[Records provided]

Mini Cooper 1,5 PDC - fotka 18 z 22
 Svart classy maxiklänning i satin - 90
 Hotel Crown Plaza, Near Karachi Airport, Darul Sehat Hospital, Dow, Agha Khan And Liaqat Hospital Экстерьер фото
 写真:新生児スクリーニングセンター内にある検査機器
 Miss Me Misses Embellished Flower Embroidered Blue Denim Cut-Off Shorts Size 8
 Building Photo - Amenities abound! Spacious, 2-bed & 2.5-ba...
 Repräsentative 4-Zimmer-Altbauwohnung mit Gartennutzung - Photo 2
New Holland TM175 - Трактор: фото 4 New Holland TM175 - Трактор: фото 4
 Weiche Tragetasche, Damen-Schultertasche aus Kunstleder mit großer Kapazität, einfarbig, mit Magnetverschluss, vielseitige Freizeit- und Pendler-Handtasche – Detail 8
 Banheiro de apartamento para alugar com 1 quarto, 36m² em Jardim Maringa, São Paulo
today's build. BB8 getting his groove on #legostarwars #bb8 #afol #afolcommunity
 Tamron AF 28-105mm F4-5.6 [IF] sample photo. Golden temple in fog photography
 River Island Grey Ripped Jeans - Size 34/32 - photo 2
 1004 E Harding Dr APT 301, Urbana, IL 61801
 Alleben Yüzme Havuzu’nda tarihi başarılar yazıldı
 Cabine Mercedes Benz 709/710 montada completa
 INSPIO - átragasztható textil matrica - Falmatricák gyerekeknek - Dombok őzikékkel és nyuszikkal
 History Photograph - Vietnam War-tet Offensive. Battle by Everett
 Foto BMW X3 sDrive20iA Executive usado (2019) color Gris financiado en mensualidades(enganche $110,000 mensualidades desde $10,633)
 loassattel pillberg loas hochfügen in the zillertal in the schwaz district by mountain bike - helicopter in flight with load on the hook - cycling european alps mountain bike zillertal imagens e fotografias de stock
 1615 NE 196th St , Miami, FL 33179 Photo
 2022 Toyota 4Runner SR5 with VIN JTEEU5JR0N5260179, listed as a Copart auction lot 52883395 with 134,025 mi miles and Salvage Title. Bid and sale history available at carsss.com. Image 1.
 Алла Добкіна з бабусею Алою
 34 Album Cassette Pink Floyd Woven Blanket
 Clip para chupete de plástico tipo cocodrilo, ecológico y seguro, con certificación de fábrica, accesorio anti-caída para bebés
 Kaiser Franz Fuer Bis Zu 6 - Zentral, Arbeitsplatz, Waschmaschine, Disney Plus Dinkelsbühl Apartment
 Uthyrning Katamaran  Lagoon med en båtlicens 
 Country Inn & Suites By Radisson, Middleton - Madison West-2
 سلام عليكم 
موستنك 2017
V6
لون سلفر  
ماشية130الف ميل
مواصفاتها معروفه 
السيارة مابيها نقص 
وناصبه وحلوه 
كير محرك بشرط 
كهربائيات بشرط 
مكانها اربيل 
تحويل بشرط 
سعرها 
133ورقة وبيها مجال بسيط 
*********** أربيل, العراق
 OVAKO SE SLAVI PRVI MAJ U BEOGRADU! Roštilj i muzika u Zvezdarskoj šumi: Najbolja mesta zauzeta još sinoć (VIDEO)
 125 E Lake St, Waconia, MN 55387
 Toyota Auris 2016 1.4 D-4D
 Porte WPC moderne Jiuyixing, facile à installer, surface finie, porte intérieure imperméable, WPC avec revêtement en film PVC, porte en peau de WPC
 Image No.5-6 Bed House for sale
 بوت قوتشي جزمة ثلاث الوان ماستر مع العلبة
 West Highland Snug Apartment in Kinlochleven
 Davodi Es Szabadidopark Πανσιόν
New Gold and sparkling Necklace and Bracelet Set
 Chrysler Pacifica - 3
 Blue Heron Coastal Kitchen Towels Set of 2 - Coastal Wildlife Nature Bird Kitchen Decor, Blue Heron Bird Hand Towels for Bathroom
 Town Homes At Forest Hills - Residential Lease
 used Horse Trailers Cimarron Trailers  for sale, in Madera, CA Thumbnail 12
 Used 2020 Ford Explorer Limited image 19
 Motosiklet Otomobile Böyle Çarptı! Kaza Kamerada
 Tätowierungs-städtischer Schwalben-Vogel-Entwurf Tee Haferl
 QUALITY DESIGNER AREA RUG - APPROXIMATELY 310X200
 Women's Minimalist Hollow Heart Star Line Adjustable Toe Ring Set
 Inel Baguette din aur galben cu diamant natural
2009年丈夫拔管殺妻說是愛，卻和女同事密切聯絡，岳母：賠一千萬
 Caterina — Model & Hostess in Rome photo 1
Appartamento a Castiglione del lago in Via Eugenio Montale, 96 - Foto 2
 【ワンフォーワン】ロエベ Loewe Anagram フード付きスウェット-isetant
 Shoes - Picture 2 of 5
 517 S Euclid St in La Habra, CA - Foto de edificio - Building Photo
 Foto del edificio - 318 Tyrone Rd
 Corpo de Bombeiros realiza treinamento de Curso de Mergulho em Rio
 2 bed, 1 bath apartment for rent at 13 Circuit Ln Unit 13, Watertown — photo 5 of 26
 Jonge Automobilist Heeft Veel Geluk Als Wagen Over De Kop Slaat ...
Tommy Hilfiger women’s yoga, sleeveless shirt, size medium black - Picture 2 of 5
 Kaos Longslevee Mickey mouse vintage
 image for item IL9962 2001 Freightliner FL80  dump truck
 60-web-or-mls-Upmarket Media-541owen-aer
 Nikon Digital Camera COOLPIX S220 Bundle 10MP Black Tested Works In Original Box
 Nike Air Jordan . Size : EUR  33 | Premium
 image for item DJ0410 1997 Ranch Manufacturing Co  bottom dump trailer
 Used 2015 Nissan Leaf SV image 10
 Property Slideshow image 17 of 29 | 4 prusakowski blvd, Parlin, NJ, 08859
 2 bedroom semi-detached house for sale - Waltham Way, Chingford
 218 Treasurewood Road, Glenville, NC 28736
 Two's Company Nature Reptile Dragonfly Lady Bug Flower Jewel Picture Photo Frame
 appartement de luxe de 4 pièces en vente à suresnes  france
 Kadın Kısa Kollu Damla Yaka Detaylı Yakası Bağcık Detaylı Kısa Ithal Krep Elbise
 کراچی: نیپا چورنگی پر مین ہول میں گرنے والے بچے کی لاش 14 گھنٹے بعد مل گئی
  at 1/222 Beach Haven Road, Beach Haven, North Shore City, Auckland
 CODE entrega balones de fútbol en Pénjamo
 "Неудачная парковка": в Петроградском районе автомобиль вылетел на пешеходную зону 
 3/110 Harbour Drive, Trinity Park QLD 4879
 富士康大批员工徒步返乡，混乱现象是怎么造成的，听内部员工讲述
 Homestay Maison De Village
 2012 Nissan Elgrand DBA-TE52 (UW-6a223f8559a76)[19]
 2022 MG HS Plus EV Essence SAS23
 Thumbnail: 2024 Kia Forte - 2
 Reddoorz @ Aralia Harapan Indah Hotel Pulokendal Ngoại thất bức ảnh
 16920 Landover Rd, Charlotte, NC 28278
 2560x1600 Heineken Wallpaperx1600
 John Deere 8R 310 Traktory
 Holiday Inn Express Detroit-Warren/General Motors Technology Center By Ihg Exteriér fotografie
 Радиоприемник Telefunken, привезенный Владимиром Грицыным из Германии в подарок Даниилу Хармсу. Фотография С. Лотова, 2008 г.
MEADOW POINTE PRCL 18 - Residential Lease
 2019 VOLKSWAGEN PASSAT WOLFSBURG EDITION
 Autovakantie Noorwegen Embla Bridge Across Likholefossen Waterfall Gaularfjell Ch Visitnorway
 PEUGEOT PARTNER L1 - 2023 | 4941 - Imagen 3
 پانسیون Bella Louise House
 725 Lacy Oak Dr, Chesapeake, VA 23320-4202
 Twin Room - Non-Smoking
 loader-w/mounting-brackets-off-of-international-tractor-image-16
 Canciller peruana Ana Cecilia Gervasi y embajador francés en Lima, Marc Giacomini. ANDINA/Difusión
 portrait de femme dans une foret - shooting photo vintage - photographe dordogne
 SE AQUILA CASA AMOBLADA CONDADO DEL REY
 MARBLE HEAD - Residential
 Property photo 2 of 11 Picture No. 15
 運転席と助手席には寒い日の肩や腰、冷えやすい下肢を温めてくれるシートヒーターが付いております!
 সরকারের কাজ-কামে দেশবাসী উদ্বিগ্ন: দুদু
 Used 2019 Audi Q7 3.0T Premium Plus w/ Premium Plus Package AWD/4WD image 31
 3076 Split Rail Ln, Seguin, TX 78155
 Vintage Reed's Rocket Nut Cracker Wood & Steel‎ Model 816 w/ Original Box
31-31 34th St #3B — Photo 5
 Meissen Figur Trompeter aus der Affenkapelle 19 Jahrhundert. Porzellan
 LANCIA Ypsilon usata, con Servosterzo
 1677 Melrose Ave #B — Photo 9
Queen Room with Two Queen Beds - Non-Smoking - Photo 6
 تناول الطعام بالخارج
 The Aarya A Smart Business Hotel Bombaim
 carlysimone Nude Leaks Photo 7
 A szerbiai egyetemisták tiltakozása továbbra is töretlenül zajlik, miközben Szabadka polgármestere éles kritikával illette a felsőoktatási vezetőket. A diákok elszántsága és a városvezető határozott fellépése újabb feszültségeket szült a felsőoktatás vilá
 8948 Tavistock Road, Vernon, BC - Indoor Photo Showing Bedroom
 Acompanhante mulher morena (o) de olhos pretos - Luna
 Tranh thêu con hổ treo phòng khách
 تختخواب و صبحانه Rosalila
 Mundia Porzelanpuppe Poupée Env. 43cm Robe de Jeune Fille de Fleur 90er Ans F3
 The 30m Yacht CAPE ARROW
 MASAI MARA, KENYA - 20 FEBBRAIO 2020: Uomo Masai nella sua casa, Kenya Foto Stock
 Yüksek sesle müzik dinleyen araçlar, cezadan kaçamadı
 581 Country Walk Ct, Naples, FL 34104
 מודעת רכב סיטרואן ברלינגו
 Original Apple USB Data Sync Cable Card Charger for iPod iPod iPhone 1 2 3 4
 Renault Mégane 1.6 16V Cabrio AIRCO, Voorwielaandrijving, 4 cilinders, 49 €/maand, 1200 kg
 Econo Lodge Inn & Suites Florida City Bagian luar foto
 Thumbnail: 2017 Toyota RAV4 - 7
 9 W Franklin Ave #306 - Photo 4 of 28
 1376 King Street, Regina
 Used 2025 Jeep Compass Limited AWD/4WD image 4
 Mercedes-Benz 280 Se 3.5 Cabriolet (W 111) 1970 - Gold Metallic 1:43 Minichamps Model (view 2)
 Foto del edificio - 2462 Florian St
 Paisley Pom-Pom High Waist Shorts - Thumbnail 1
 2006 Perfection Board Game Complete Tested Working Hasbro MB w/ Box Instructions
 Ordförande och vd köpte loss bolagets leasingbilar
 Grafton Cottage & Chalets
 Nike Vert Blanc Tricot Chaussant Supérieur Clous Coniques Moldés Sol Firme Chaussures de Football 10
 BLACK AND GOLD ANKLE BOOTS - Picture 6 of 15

[Work instructions] The lines from the first of the entries through the line holding "Foto BMW X3" are to be restated word for word, and no others.

[Solution to the exercise]
Mini Cooper 1,5 PDC - fotka 18 z 22
 Svart classy maxiklänning i satin - 90
 Hotel Crown Plaza, Near Karachi Airport, Darul Sehat Hospital, Dow, Agha Khan And Liaqat Hospital Экстерьер фото
 写真:新生児スクリーニングセンター内にある検査機器
 Miss Me Misses Embellished Flower Embroidered Blue Denim Cut-Off Shorts Size 8
 Building Photo - Amenities abound! Spacious, 2-bed & 2.5-ba...
 Repräsentative 4-Zimmer-Altbauwohnung mit Gartennutzung - Photo 2
New Holland TM175 - Трактор: фото 4 New Holland TM175 - Трактор: фото 4
 Weiche Tragetasche, Damen-Schultertasche aus Kunstleder mit großer Kapazität, einfarbig, mit Magnetverschluss, vielseitige Freizeit- und Pendler-Handtasche – Detail 8
 Banheiro de apartamento para alugar com 1 quarto, 36m² em Jardim Maringa, São Paulo
today's build. BB8 getting his groove on #legostarwars #bb8 #afol #afolcommunity
 Tamron AF 28-105mm F4-5.6 [IF] sample photo. Golden temple in fog photography
 River Island Grey Ripped Jeans - Size 34/32 - photo 2
 1004 E Harding Dr APT 301, Urbana, IL 61801
 Alleben Yüzme Havuzu’nda tarihi başarılar yazıldı
 Cabine Mercedes Benz 709/710 montada completa
 INSPIO - átragasztható textil matrica - Falmatricák gyerekeknek - Dombok őzikékkel és nyuszikkal
 History Photograph - Vietnam War-tet Offensive. Battle by Everett
 Foto BMW X3 sDrive20iA Executive usado (2019) color Gris financiado en mensualidades(enganche $110,000 mensualidades desde $10,633)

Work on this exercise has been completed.